C’est un matin de mai. Claire se réveille, ouvre son téléphone et vérifie ses notifications. Quelques messages par-ci par-là. On attend 16°C à 18°C avec un ciel brumeux. Ne pas oublier de marcher dix mille pas. Une newsletter qu’elle n’a pas le temps de lire. Rien de spécial. Plus tard dans la journée, elle se rappelle d’une question qu’elle devait poser à un ami, un homme. Elle ouvre Instagram, glisse son doigt en haut à droite de l’écran pour ouvrir ses messages. «Et là, plus rien. La conversation a disparu.» Claire pense d’abord à un bug, rafraîchit l’écran, rallume son portable. Constatant la persistance de cette disparition, elle envoie un nouveau message à son ami. Et comprend rapidement.

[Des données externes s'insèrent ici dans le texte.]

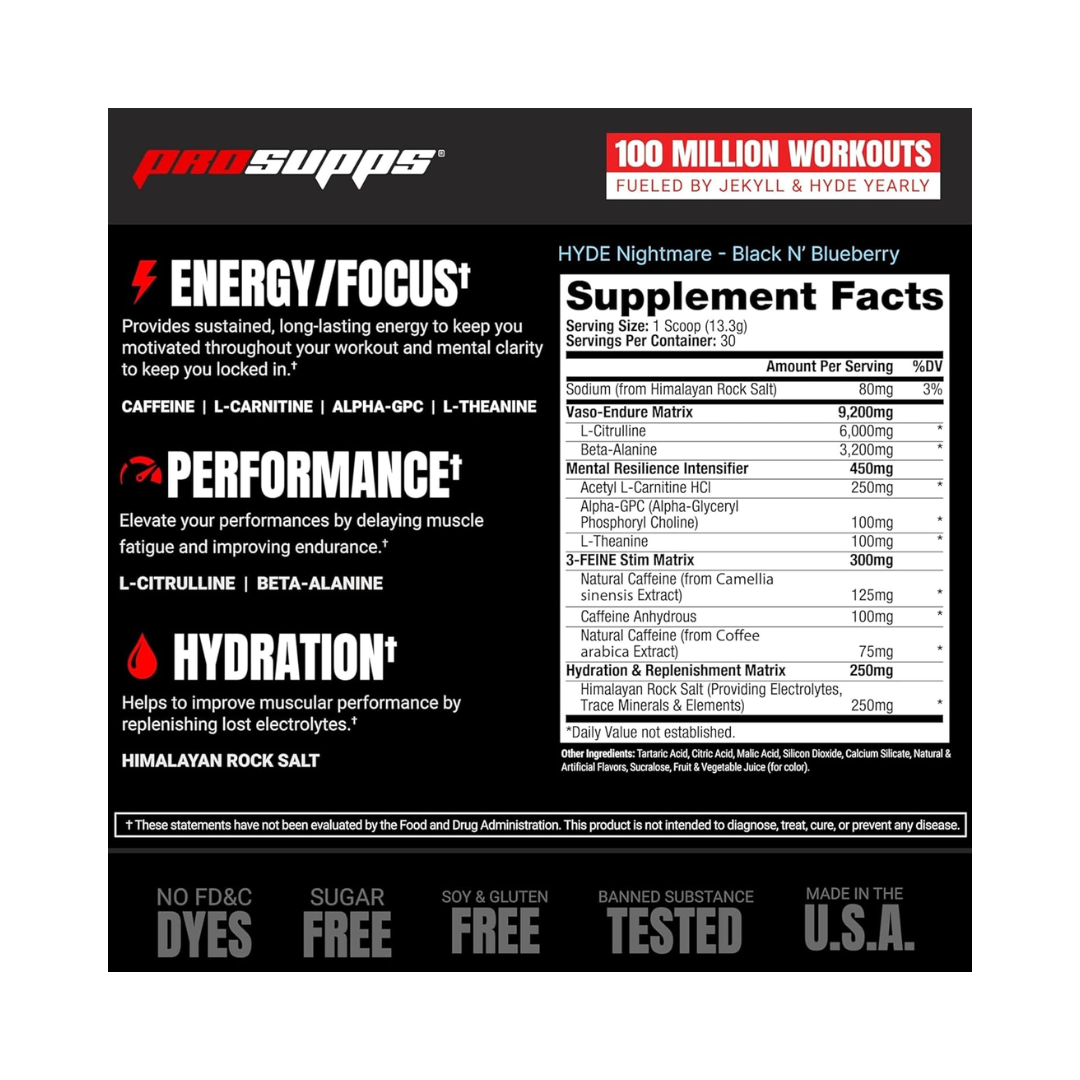 PRO SUPPS HYDE NIGHTMARE PRE WORKOUT-30 SERVINGS BLOOD BERRY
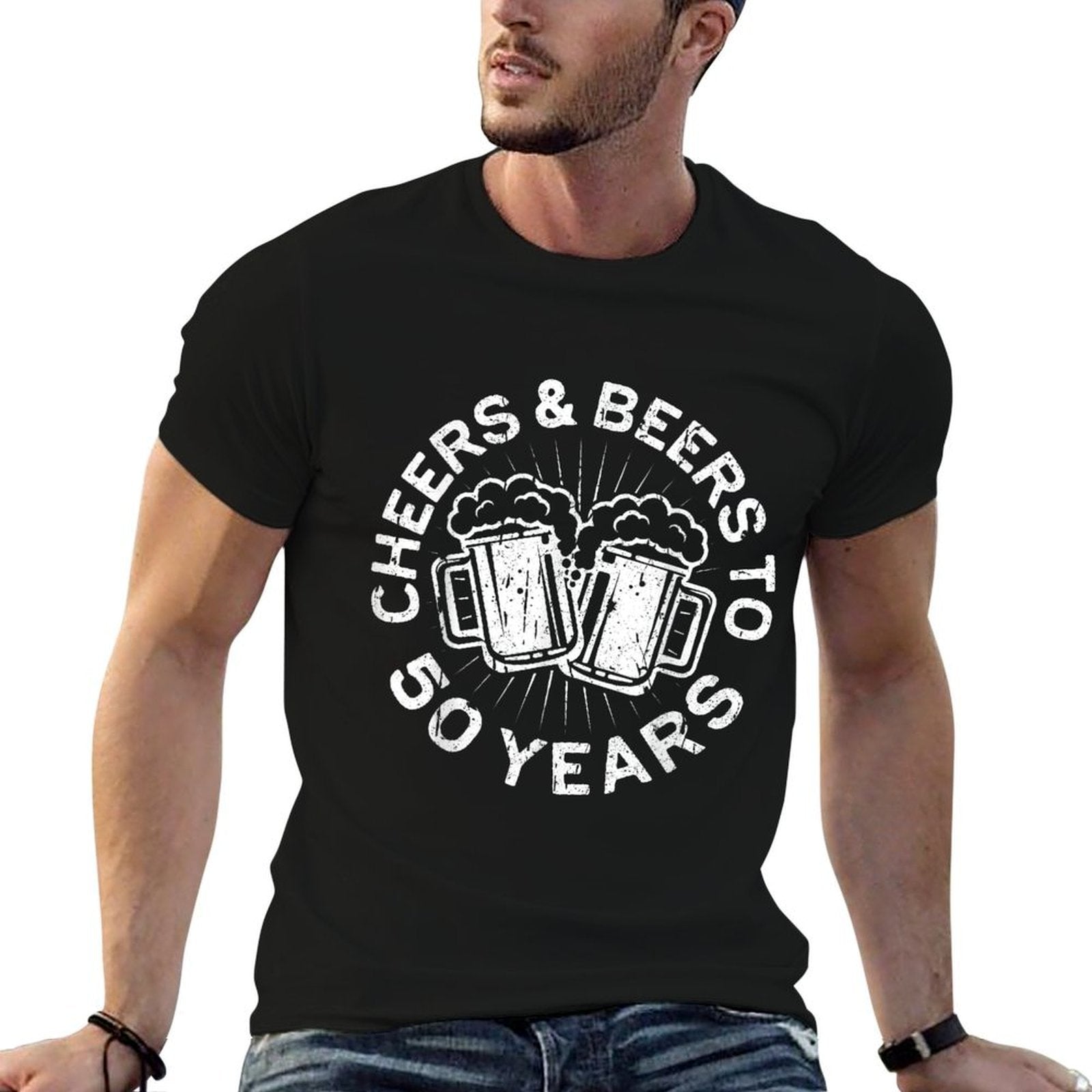 Cheers And Beers To 50 Years 50th Birthday  Graphic-printed T-Shirt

La géolocalisation non consentie n’est pas une infidélité mais un coup de canif dans le contrat.
Quelques mois plus tôt, au début de son couple, son partenaire avait insisté pour s’échanger leurs codes de téléphone. «Une garantie, raconte-t-elle, parce qu’il avait été trompé par sa précédente copine et voulait créer une transparence.» Claire avait cédé, se rassurant par l’idée d’échange mutuel. «On avait aussi activé nos localisations pour se les partager.» Au cas où quelque chose arriverait. Vite, elle commence à recevoir d’étranges messages venant de son partenaire. Des «où tu vas?» ou «pourquoi tu n’es pas à la maison?».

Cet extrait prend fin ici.